§ THE DATA
◆ ◆ ◆ ◆ ◆ ◆ ◆

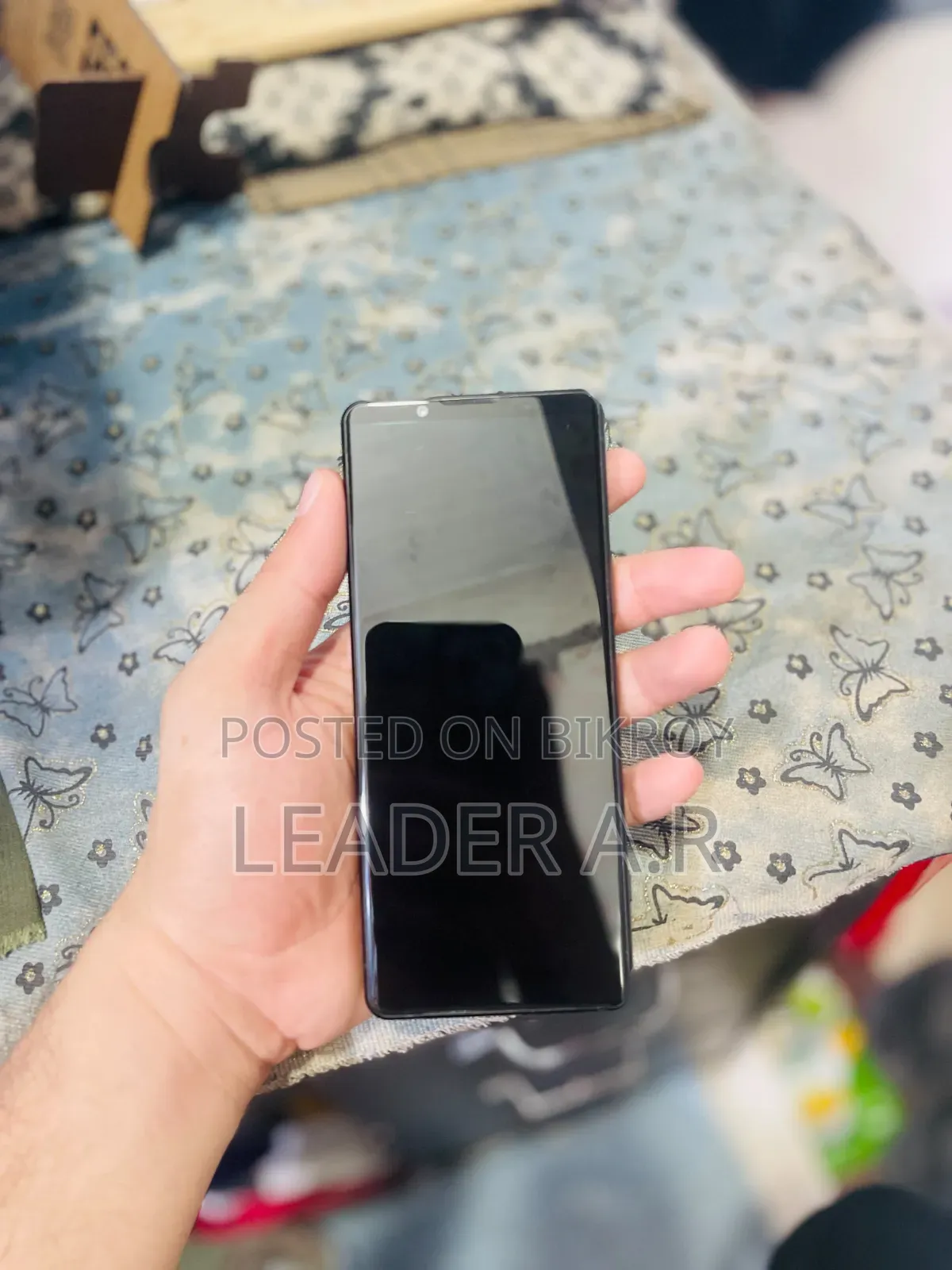 Sony Xperia 5 IV 128 GB Black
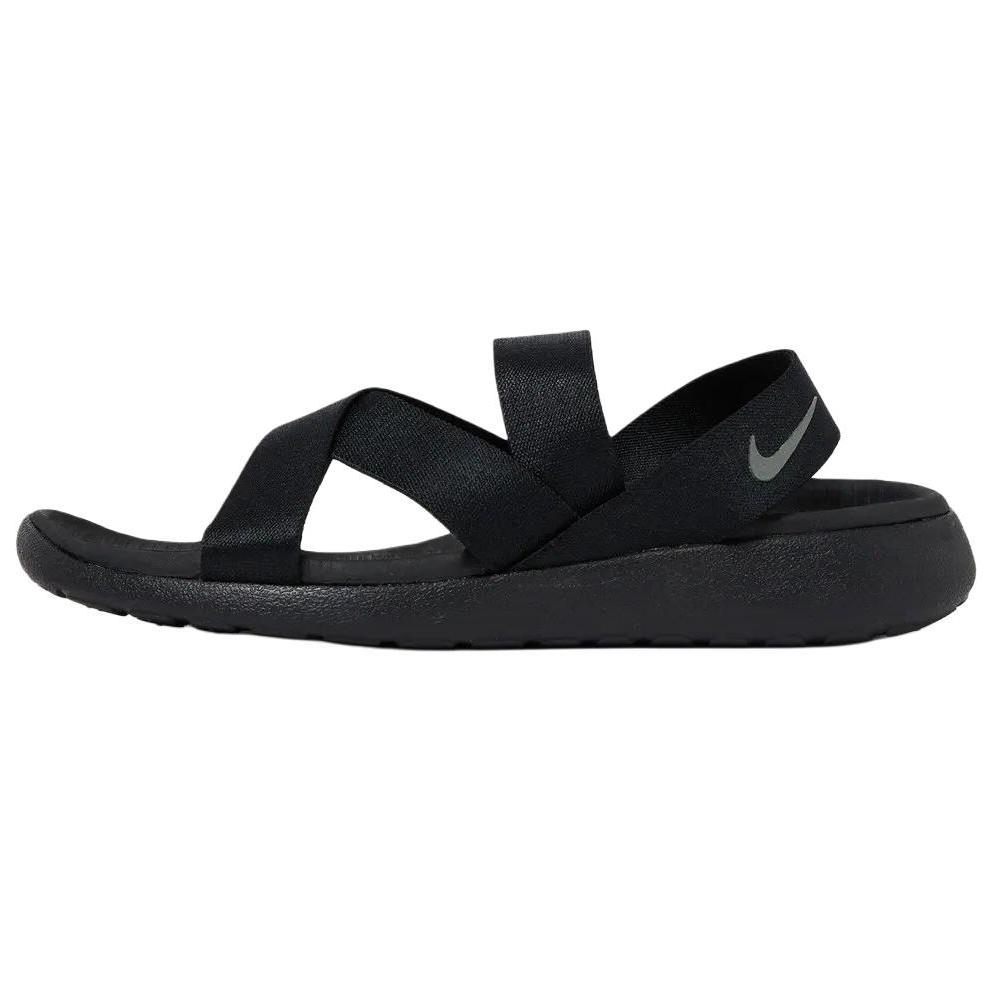 Nike Roshe One Beach Sandals Women s Black 830584-001 38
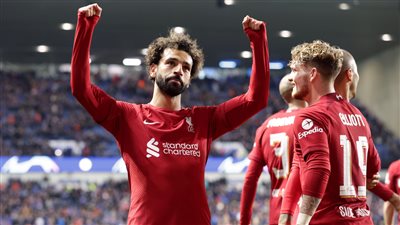 محمد صلاح يقود تشكيل ليفربول المتوقع لمباراة مانشستر يونايتد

◆ ◆ ◆ ◆ ◆ ◆ ◆

§ EXERCISE INSTRUCTIONS
Retype each line above precisely, please. Skip anything that is a picture.

§ TASK OUTPUT
 Sony Xperia 5 IV 128 GB Black
 Nike Roshe One Beach Sandals Women s Black 830584-001 38
 محمد صلاح يقود تشكيل ليفربول المتوقع لمباراة مانشستر يونايتد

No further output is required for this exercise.